(Web page caption snippets)
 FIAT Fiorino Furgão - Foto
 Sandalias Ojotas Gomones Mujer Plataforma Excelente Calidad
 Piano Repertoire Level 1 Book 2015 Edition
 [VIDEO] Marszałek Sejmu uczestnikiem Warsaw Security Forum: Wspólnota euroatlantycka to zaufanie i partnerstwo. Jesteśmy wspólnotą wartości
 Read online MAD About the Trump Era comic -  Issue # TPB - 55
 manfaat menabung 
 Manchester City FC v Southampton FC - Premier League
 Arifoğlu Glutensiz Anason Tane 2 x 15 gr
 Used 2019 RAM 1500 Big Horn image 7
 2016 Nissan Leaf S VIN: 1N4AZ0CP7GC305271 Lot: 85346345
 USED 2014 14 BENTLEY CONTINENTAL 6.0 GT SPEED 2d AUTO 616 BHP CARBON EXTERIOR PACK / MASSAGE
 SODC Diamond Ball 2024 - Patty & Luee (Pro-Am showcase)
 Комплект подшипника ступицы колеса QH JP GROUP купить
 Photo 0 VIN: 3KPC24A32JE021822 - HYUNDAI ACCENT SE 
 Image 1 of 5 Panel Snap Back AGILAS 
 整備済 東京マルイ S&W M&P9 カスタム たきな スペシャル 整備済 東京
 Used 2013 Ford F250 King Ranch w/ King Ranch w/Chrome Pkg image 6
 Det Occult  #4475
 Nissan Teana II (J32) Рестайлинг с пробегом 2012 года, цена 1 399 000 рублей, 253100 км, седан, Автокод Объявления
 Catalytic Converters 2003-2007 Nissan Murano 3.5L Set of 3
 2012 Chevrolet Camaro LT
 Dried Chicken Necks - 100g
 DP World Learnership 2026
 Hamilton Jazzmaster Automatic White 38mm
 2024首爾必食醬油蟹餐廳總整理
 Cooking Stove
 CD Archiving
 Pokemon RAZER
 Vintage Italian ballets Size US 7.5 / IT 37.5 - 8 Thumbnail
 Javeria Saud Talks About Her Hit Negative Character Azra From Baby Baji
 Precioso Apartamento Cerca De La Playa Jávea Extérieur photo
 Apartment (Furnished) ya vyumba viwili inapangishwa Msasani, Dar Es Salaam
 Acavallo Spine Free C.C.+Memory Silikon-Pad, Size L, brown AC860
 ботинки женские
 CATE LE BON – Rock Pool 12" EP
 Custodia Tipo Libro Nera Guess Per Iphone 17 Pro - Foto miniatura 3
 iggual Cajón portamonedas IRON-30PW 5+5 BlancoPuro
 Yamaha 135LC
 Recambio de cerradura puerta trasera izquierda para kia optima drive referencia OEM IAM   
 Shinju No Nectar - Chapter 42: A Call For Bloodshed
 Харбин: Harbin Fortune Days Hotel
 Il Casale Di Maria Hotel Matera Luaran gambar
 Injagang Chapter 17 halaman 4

BRIEF
Within the entries above, report how many lines include "Hotel", and keep the answer to the number.

YOUR RESPONSE
2